I have a favorite student. I know people say you shouldn’t, but I do. At least, he’s my favorite sometimes. Like when he acts all cool and reassures me during class that it’s okay that my voice sounds like a man today or affirms that I should not erase the surprisingly decent drawing I drew on the board. I like that he’s so real with me. I’ll ask him who his favorite teacher is, and he won’t say me, he’ll say, “Andy Teacher.” (All nonchalantly, as if the idea of saying me never occurred to him.) Then I’ll ask why, and we’ll have a real conversation about it. That is so much more fun than students who suck up.
Well, I made my favorite student cry today. In fact, he threw a HUGE fit.
Why? Because I sent him to Pink Island, the baby class. (It’s kind of like getting sent to the principle’s office at our school.) He got 3 X’s for interrupting me and playing games during class and BAM, that was his punishment. I’ve punished him this way once before, and that time he acted all cool about it, (but came back sobbing afterwards). I was shocked he acted like such a baby this time, but maybe he really was traumatized by the last time?
Honestly, it still makes my heart race every time I have to send a kid to Pink Island.
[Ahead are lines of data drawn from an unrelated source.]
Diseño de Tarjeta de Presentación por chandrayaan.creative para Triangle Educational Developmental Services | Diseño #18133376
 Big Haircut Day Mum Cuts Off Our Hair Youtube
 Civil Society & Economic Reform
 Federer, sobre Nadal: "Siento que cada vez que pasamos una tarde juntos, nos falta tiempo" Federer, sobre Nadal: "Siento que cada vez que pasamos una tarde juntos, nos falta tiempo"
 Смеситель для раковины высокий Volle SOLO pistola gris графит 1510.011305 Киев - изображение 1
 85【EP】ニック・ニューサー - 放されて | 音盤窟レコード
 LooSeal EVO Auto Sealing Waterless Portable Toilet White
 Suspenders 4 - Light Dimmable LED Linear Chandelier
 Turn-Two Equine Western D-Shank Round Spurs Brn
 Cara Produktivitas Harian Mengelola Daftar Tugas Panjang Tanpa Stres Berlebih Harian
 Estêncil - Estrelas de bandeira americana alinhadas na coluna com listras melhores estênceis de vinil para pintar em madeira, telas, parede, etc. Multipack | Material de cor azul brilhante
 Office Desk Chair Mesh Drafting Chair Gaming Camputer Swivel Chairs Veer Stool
Inside, part of my heart is breaking at the fear in their eyes and the humiliation they are rebelling against. But today, I actually wished the Pink Island teacher had been meaner to this kid. I love him, I really do, but he needs to know that I am the boss. He needs to learn to respect me better.
In the end, I decided it was okay that the Pink Island teacher wasn’t that harsh, because the horrendous trip TO Pink Island was probably punishment enough. After I described the way I had to literally lift this boy out of his seat, carry him through the hallway, down the stairs, and down the other hallway with him screaming, kicking, and grabbing anything he could to impede our progress, one of my coworkers said, “Yeah, good.”
I was surprised at his response. I had just been expecting some sympathy, but his words helped me appreciate the rather exhausting trip down to Pink Island.
“It’s good that he has that fear.”
Yeah, that’s right, it is good. I may be a generally “nice” teacher, and all the kids at school may be able to tell I’m nice as soon as they take one look at me. But today proved that my kids do have some healthy fear of me. YES.